SOURCE DATA Block Start

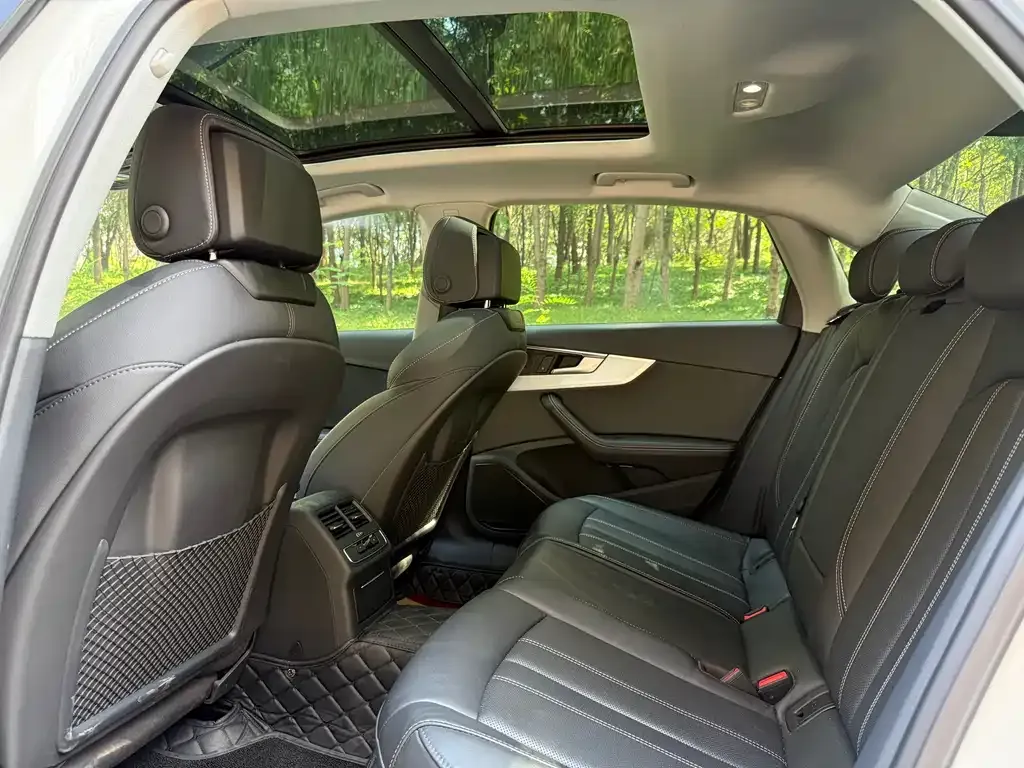 Audi A4L 2022 из CN, фото 6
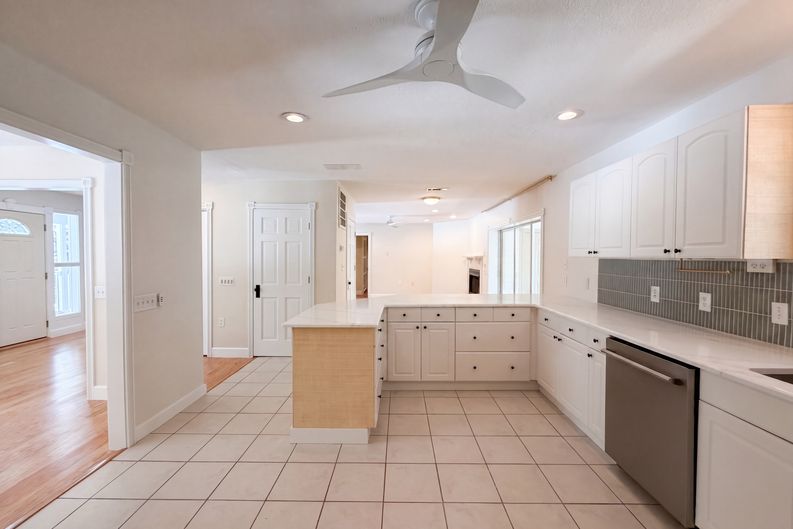Photo 15 of 51 of 5438 Cold Spring Ln, North Port, FL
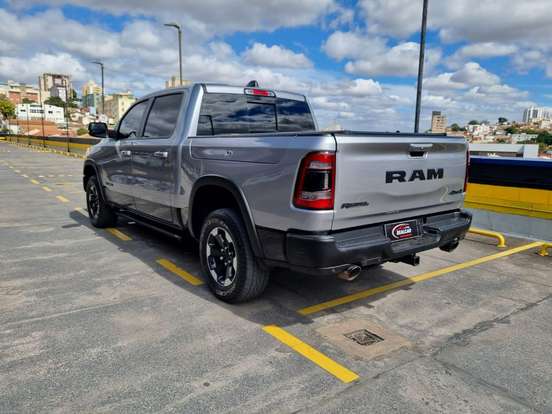 RAM-1500-5.7 V8 GASOLINA REBEL CD 4X4 AUTOMÁTICO RAM-1500-2021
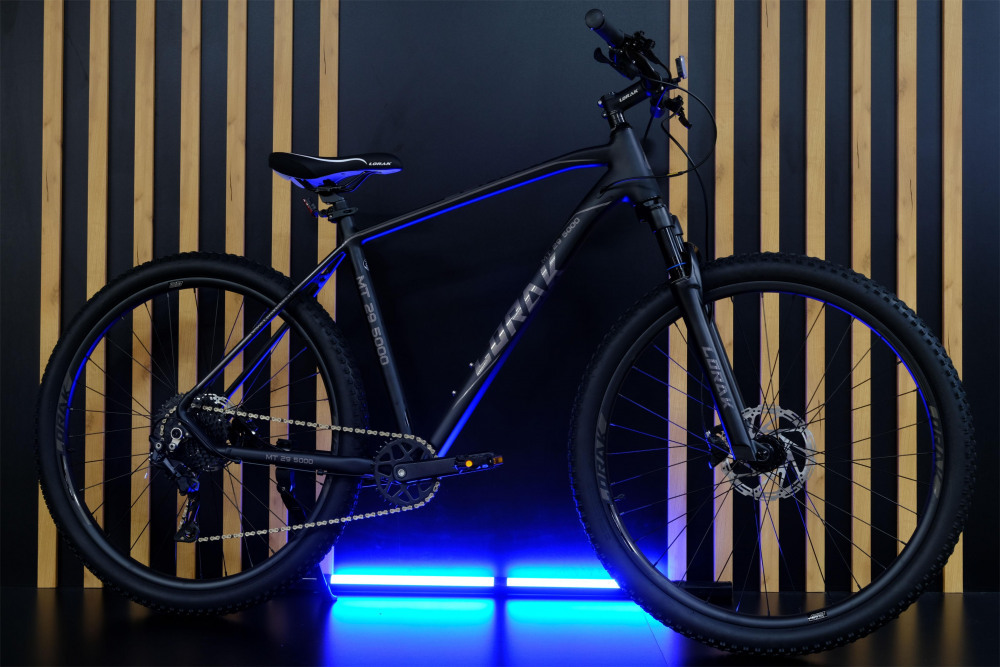 LORAK MT 29 - 5000 Матовый Чёрный/Серый рама 23 (на рост 188-203)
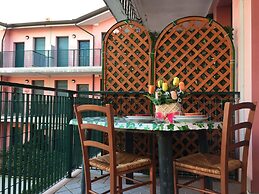 Cozy Apartment With Balcony-beahost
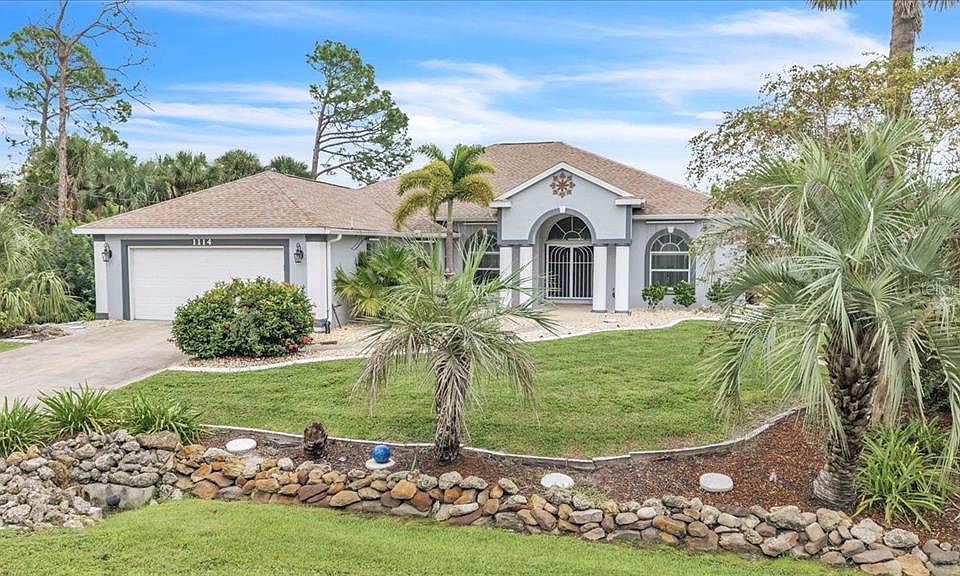 1st image of 1114 Campbell St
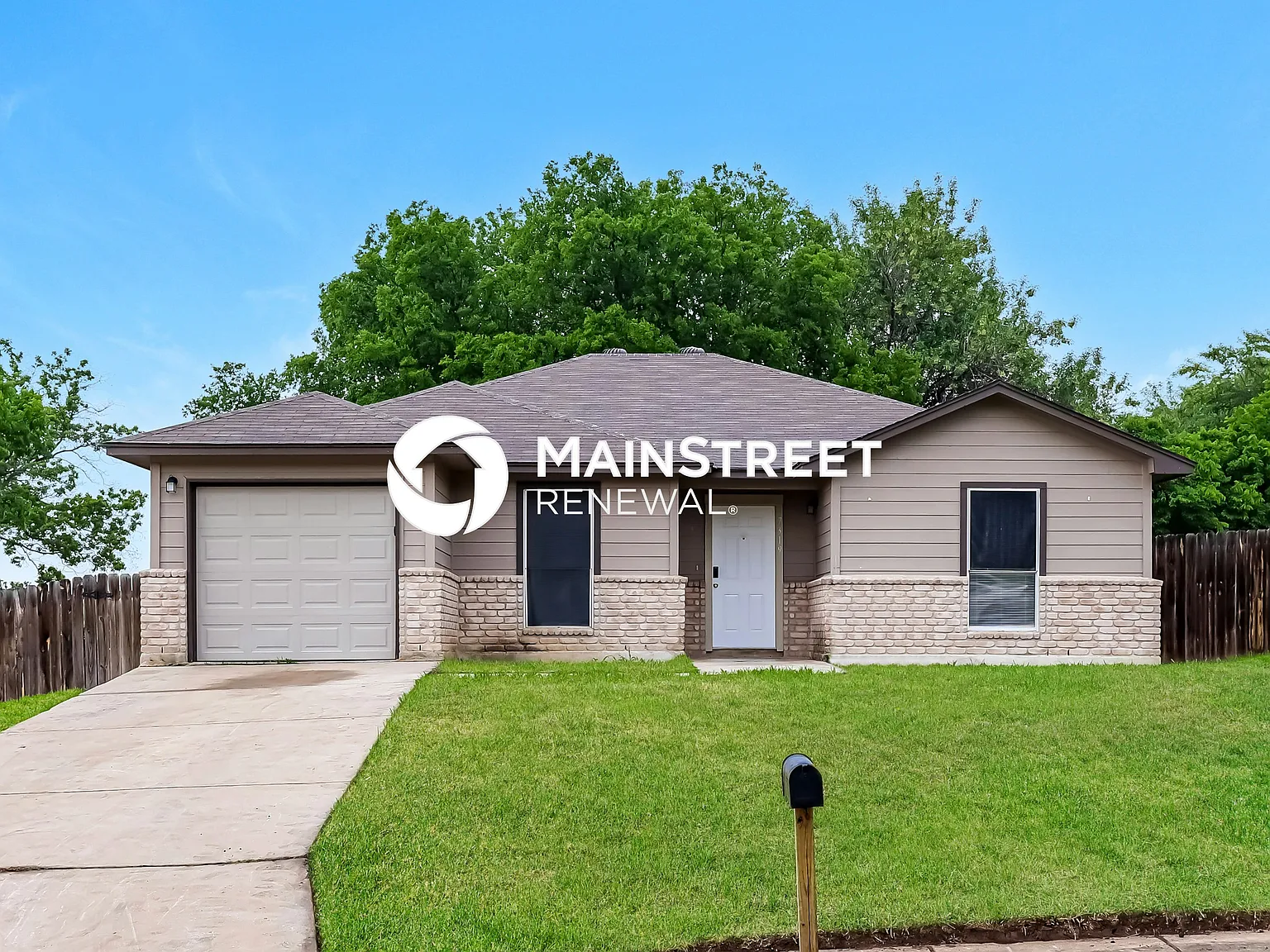 7319 Trance Ln — Photo 1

SOURCE DATA Block End

YOUR ASSIGNMENT:
Leave out the pictures and return the listing exactly.

REPLY TO THE EXERCISE:
 Audi A4L 2022 из CN, фото 6
Photo 15 of 51 of 5438 Cold Spring Ln, North Port, FL
 RAM-1500-5.7 V8 GASOLINA REBEL CD 4X4 AUTOMÁTICO RAM-1500-2021
 LORAK MT 29 - 5000 Матовый Чёрный/Серый рама 23 (на рост 188-203)
 Cozy Apartment With Balcony-beahost
 1st image of 1114 Campbell St
 7319 Trance Ln — Photo 1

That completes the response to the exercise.